■ What is being asked: Starting at the line that contains "When I'm with my dads, people", restate every line word for word through the end of the entries.

■ Records supplied:
• • • • • • •

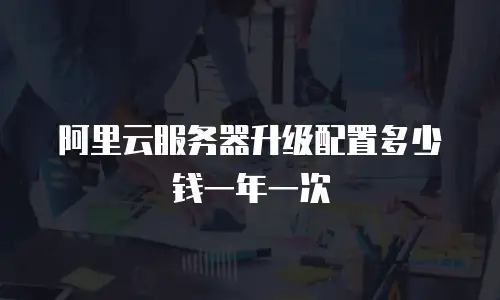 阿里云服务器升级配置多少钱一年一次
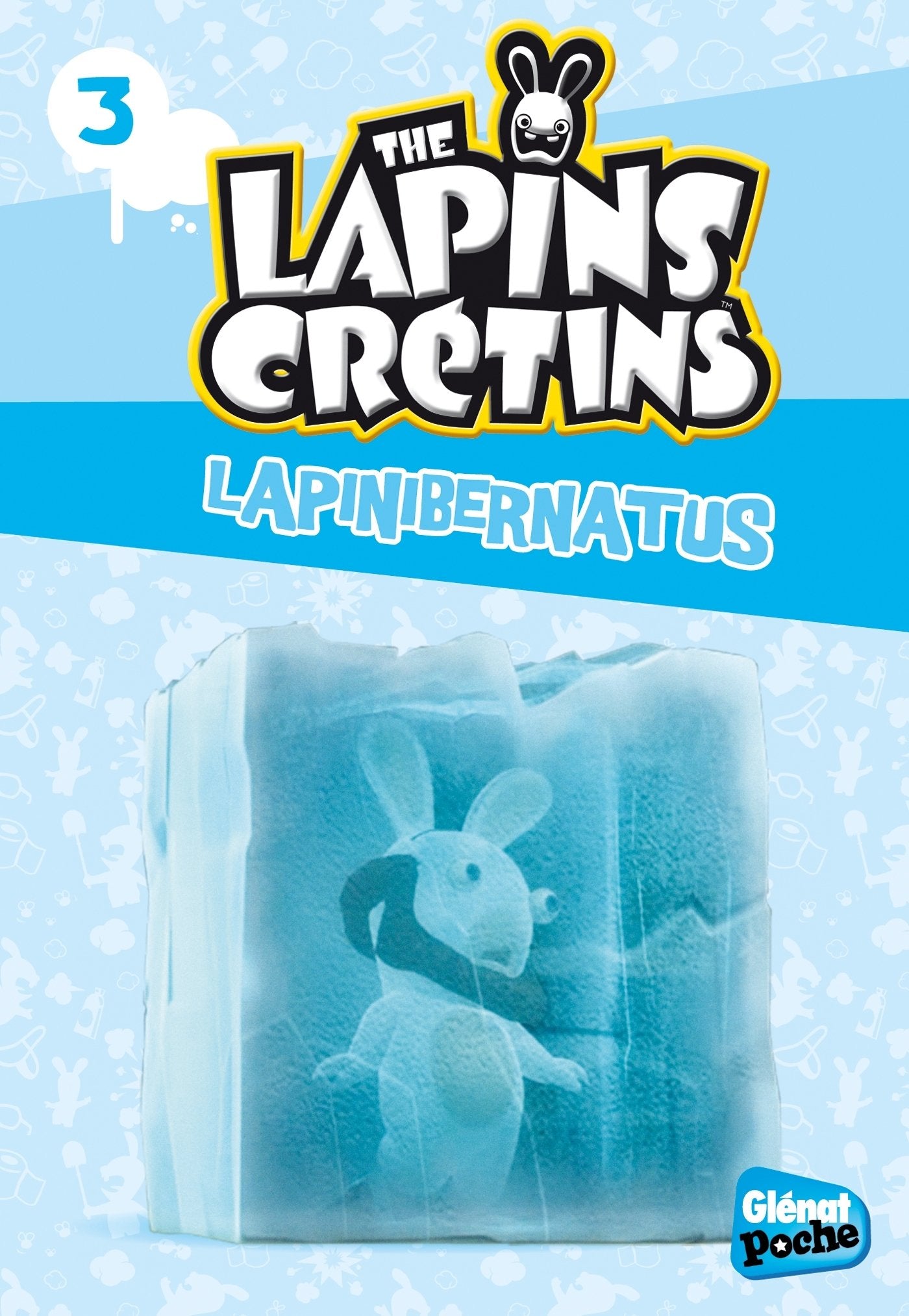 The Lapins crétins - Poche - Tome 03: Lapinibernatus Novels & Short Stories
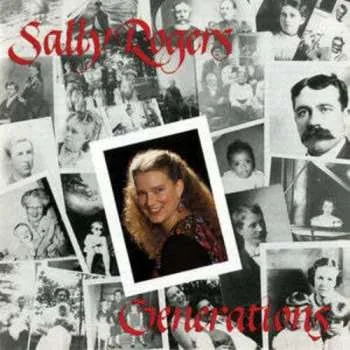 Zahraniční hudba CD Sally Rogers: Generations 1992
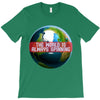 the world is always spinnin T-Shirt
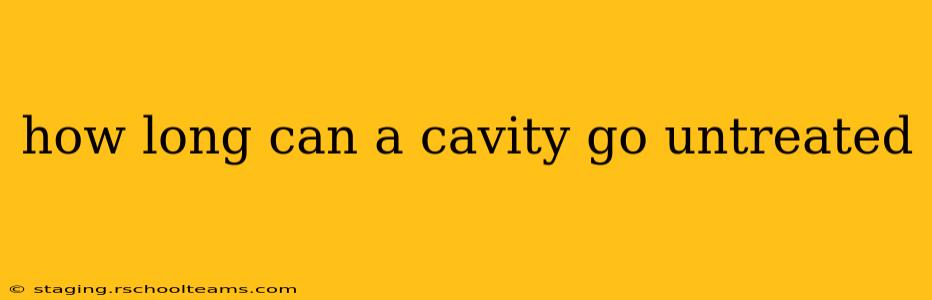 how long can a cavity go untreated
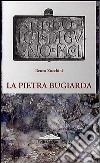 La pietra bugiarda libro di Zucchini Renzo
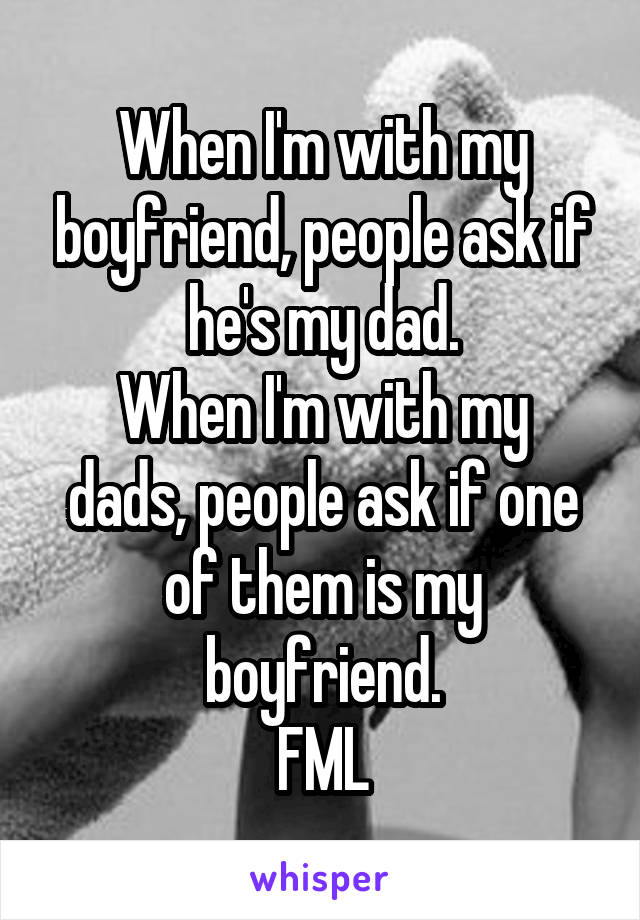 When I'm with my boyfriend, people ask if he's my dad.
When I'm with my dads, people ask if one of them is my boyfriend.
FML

• • • • • • •

■ Solution to this problem:
When I'm with my dads, people ask if one of them is my boyfriend.
FML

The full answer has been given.